EUROPE – The Norwegian State Oil Fund was Europe’s fastest growing pension fund among the continent’s top 20 schemes in the year from September 2000 to September 2001, according to figures compiled by Investment & Pensions Europe Magazine (IPE) in its annual 'Top 1,000' survey of European pension funds.

Assets under management for the Norwegian fund more than doubled from € 21,883m to €48,953m last year, hoisting it from 10th to fourth position in Europe’s Top 20 pension fund hierarchy (see table below).

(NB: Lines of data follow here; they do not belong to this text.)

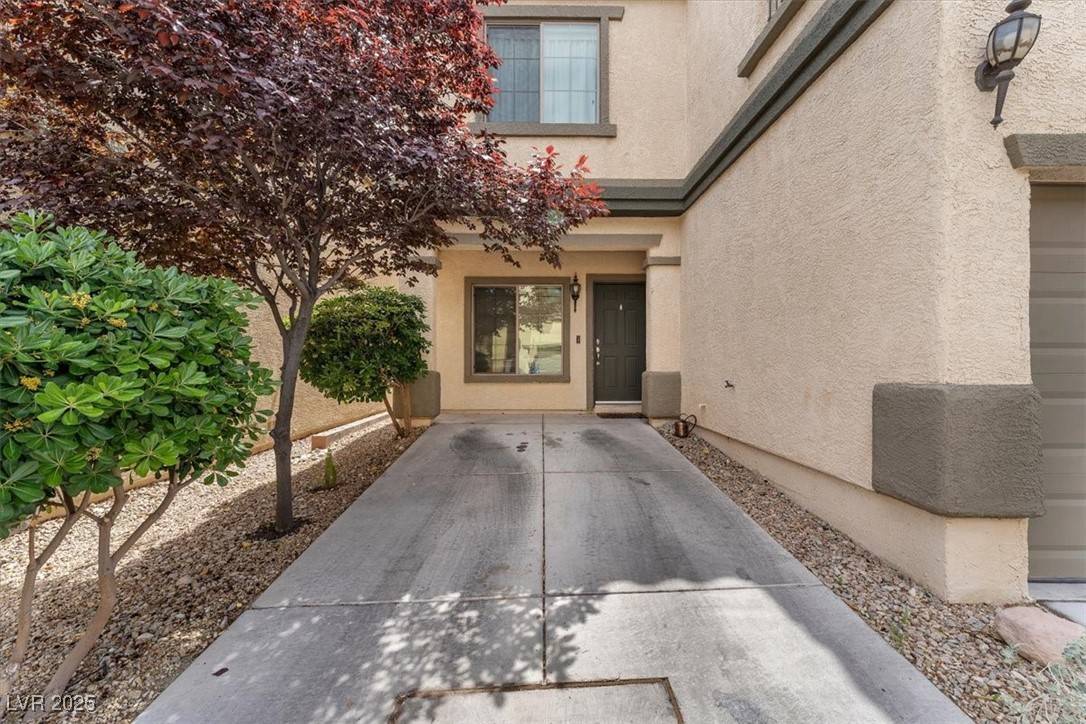 Las Vegas, NV 89149,9737 Darlington CT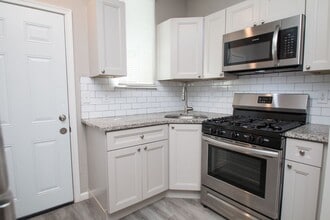Building Photo - 1419 N Ithan St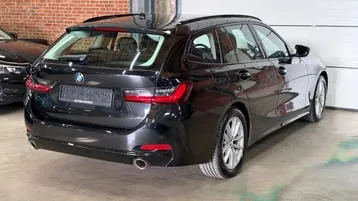 BMW 318Ia 2023 photo 2
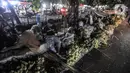 Aktivitas pedagang saat membuat bungkus atau tali ketupat di Pasar Klender, Jakarta Timur, Selasa (11/5/2021) malam. Salah satu pedagang mengaku akibat pandemi corona COVID-19 penjualan ketupat menurun hingga 70 persen. (merdeka.com/Iqbal S Nugroho)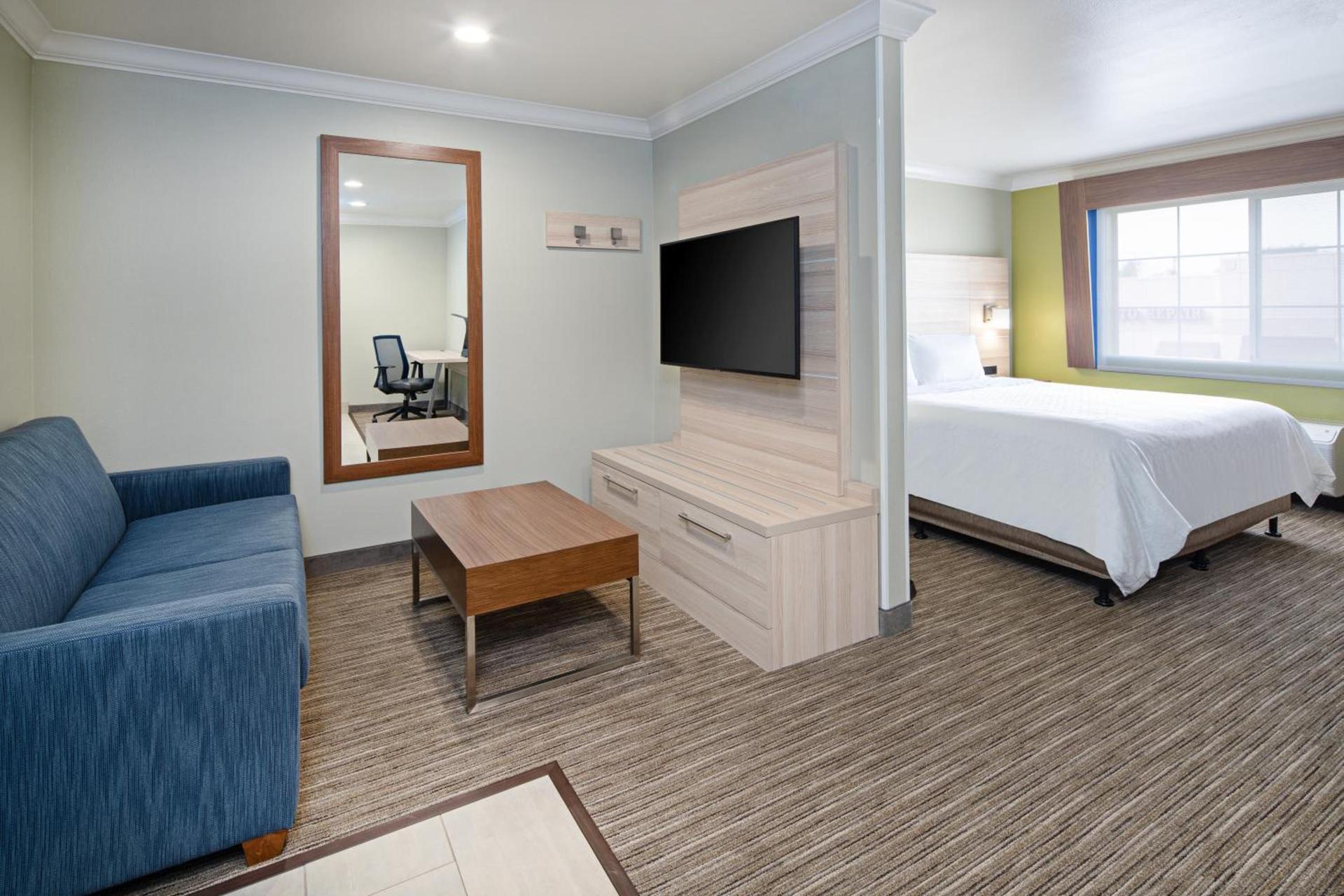 Holiday Inn Express & Suites Watsonville by IHG photo 28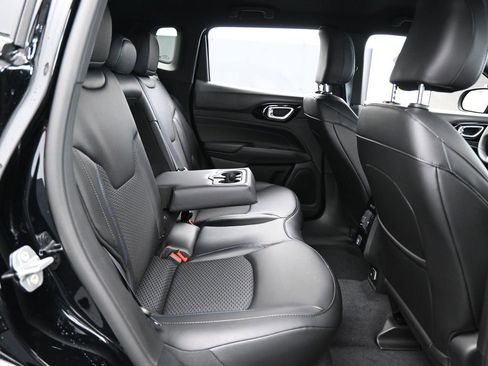 New 2026 Jeep Compass Latitude image 34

The three leading funds in 2000 retain their positions in 2001, with all reporting increases in assets.
Europe’s leading pension fund continues to be Dutch giant, ABP, which had €150bn under management as of September 2001.
Combined figures for Sweden’s six AP social buffer funds, which again claimed the number two slot in the top 20, showed an increase of over €20bn in assets.
PGGM, the Dutch healthcare sector fund, came in third with assets of just over e52bn.

Switzerland’s Pensionskasse des Bundes recorded a notable increase in assets over the year, up almost 58% to €22,378m and moving it from 20th spot last year to number 11 in 2001.

Though several funds, all from the UK, moved down a place or two in the top 20, being leapfrogged by Swiss and Norwegian funds, only two funds actually recorded a decrease in assets, namely the Post Office and Scottish Public Pensions Agency funds.

In total, UK funds accounted for 13 of the Top 20 European pension funds, according to the IPE research.

IPE’s Top 1,000 survey is published with the September issue of Investment & Pension Europe Magazine and compiled using data gathered by Aspire, a joint venture between IPE International Publishers and AP Information Services.